Plus-minus and on/off analysis attempt to answer this question by measuring outcomes when a player is on the court versus when they are off. This conceptually simple approach—crediting or debiting players for what happens during their minutes—serves as the foundation for some of the most sophisticated player evaluation methods in modern basketball analytics.
This chapter introduces the family of plus-minus metrics, from raw calculations to lineup-based analysis. We will examine both the power and limitations of these approaches, setting the stage for the adjusted plus-minus methods covered in Part 3 of this textbook.
10.1 Raw Plus-Minus: Definition and Calculation
The Basic Concept
Raw plus-minus (sometimes called "box plus-minus" in older literature, though this term now typically refers to a different metric) measures the point differential while a player is on the court during a game.
Definition: A player's raw plus-minus equals the points scored by their team minus the points allowed by their team during the minutes that player was on the court.

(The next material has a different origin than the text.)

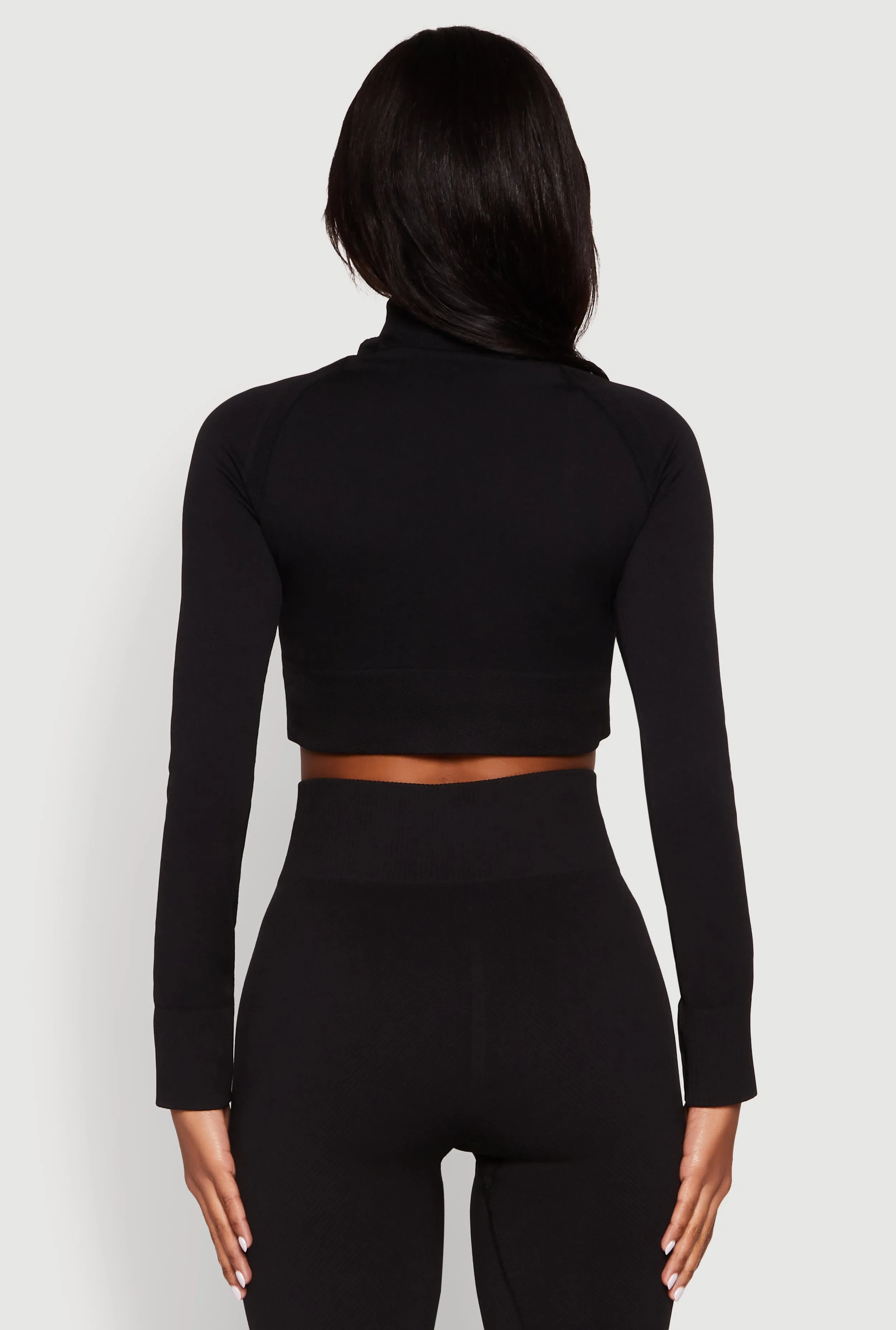 Seamless Mock Neck Zip Front Track Jacket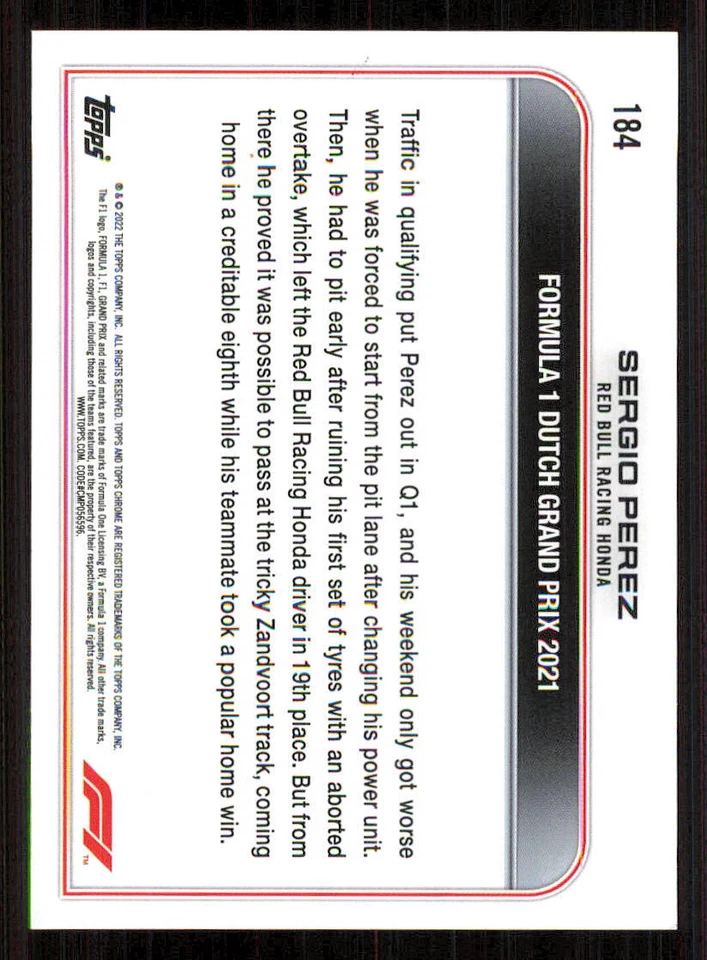 2022 Topps Chrome Formula 1 #184 Sergio Perez DOD - Image 2 of 2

$$\text{Plus-Minus} = \text{Team Points Scored}_{\text{player on court}} - \text{Team Points Allowed}_{\text{player on court}}$$
Calculation Example
Consider a simple game scenario:
| Time Period | Player A Status | Team Score | Opponent Score |
|---|---|---|---|
| Q1 (12:00-6:00) | On Court | 14 | 10 |
| Q1 (6:00-0:00) | Bench | 8 | 12 |
| Q2 (12:00-8:00) | On Court | 10 | 8 |
| Q2 (8:00-0:00) | Bench | 6 | 10 |
| Q3 (12:00-4:00) | On Court | 16 | 14 |
| Q3 (4:00-0:00) | Bench | 8 | 6 |
| Q4 (12:00-0:00) | On Court | 22 | 18 |
Player A's Plus-Minus Calculation: - Q1 (first 6 min): +4 (14-10) - Q2 (first 4 min): +2 (10-8) - Q3 (first 8 min): +2 (16-14) - Q4 (full): +4 (22-18)
Total Plus-Minus: +12
Player A was on court for 30 minutes during which their team outscored opponents by 12 points.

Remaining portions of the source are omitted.